# Narrowest house in your city?



## redstone (Nov 15, 2003)

It's creative how people make use extremely crammed spaces.

I found this in Mount Sophia, Singapore:









Not sure if it's a real house or just a blocked out alley. But it looks interesting! Someone think it's a house built into a private alley. Since the alley is not being used, they might as well make use of it.


----------



## Holtenbronx (Dec 27, 2006)

This is a fun thread. I don't think there is an official narrowest house in my home town, but looked up some narrow houses in my country, the Netherlands.

During the Dutch Golden Age building lots were in short supply. The results are remarkable. In Amsterdam there even seems to be some competition regarding which house is the narrowest and smallest. It may come down to definition. The narrowest at the front door may become wider towards the back or the other way around. Singel 7 is only 1,01m at the back door, the front however is normal size.

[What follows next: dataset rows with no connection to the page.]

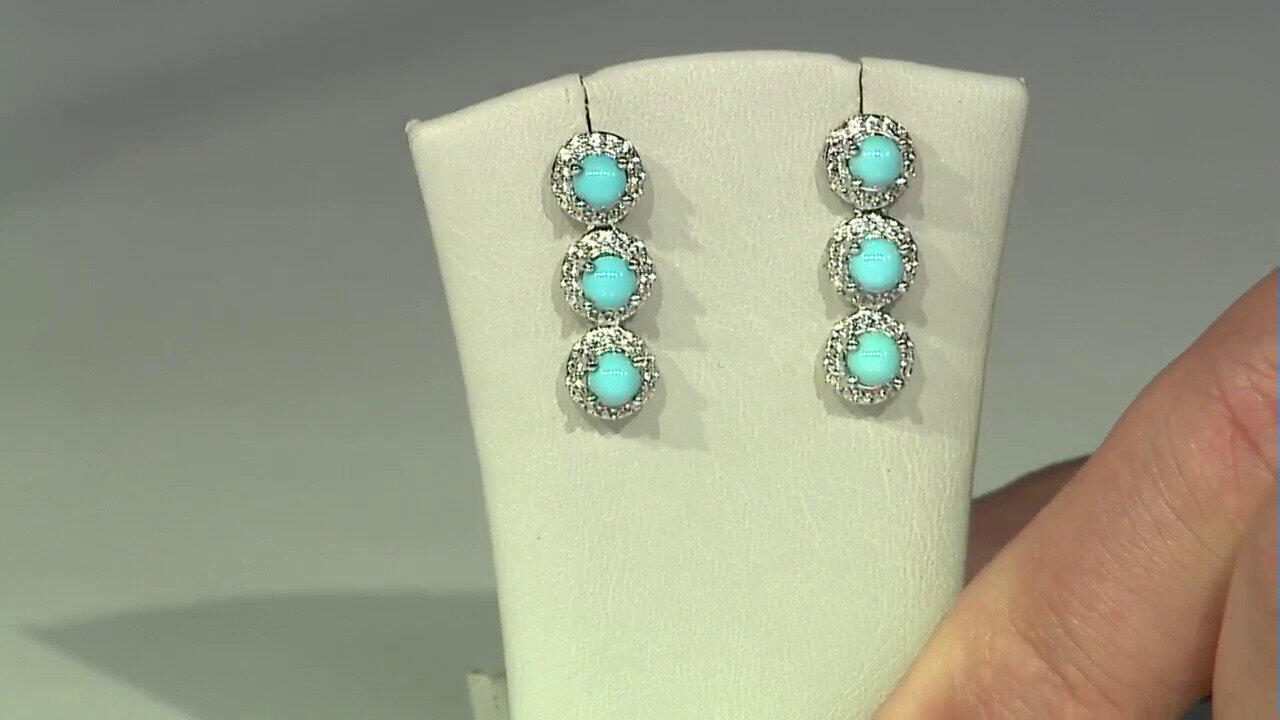 Video Boucles d'oreilles en argent et Turquoise Sleeping Beauty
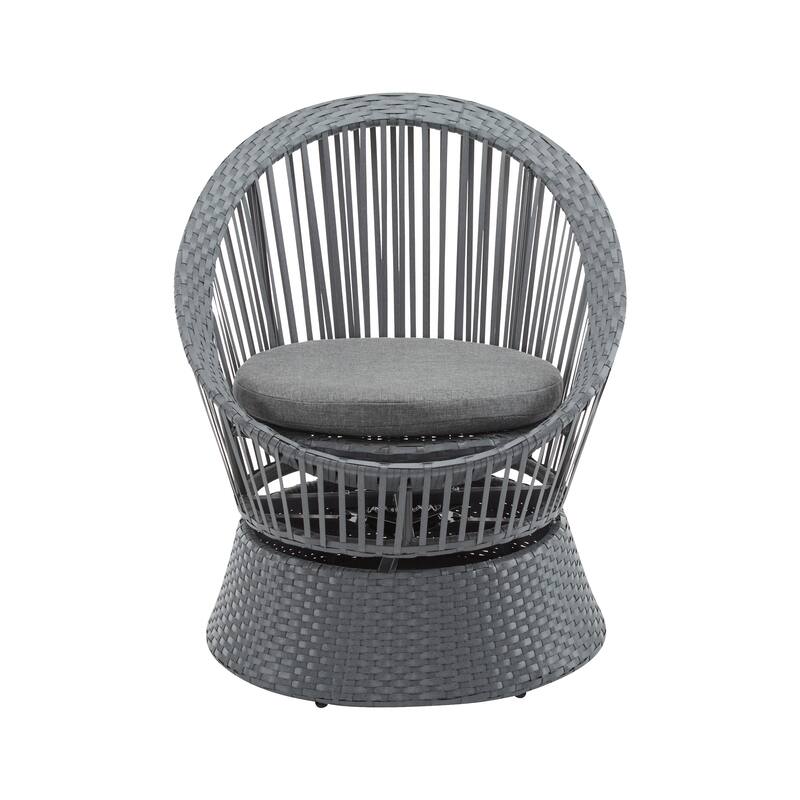 Christopher Knight Home - PureNest 26.7" Modern Gray Wicker Lounge Chair with Rattan and Iron Frame, Stylish Round Design
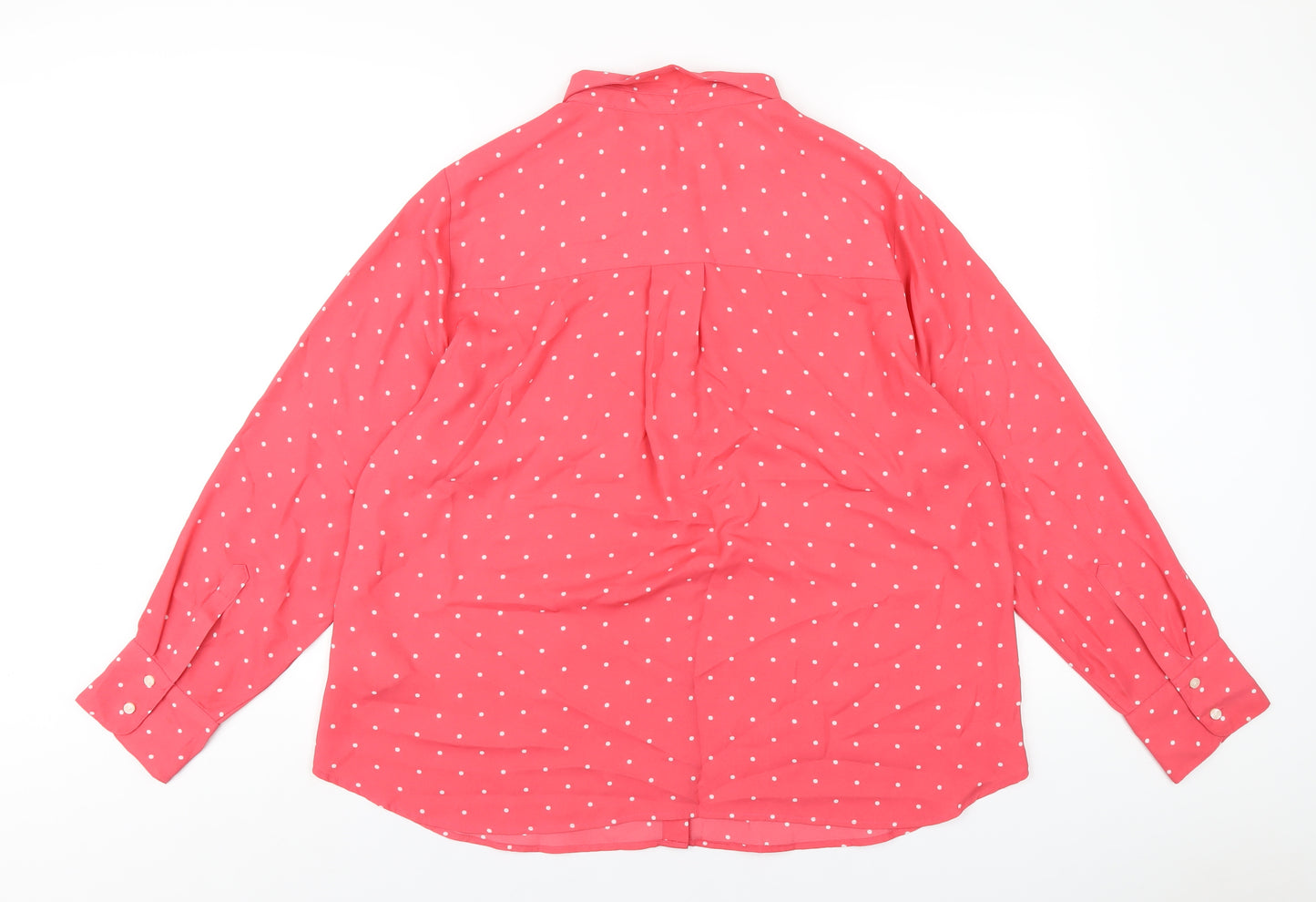 Marks and Spencer Womens Pink Polka Dot Polyester Basic Button-Up Size 18 Collared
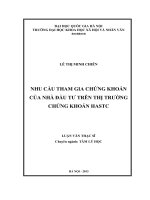 Nhu cầu tham gia chứng khoán của nhà đầu tư trên thị trường chứng khoán HASTC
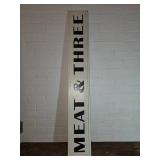 Metal Wall Sign with Text Meat & Three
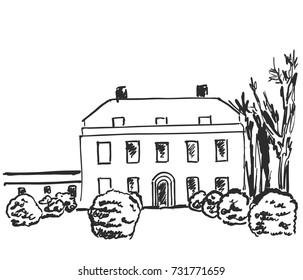 House in a village surrounded by trees, Hand drawn illustration vector sketch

This one is located at Hoogstraat 22, only 2,02m wide, supposedly the narrowest house in Europe:








(photo: Ivan Saltz)

Here is Singel 166:








(photo: Andrewandbec)

The narrowest shop (and IMO the prettiest narrow building) is found at Kloveniersburgwal 26 (2,44m):








(photo: Webers Holland)

And here's one in Leiden, Netherlands from Flickr:


----------



## rj2uman (Sep 22, 2002)

fascinating post! I just saw a tourism show explaining narrow houses in Amsterdam. It appears they were taxed on the frontage. So the narrower the houses the less taxes.


----------



## Ramses (Jun 17, 2005)

..


----------



## Darhet (Dec 13, 2006)

Warsaw
The narrowest house


----------



## redstone (Nov 15, 2003)

Darhet said:


> Warsaw
> The narrowest house


Ouch... that poor house looks as if it's been squashed. :lol:Is the whole house that wide?


----------



## ZZ-II (May 10, 2006)

:lol:, funny houses. we don't have such an small house in our city


----------



## Ch.G Ch.G (Aug 4, 2007)

I visited Amsterdam for the first time last spring and was totally floored. Despite the super dense built environment, the city center was hands down the most immaculate urban space I have ever seen. What a stunning place. I wish I were able to have spent more than four hours there. The experience was made all the more pointed after having spent six nights in Trastevere, the streetscape of which was also beautiful but in a grittier and much more haphazard way.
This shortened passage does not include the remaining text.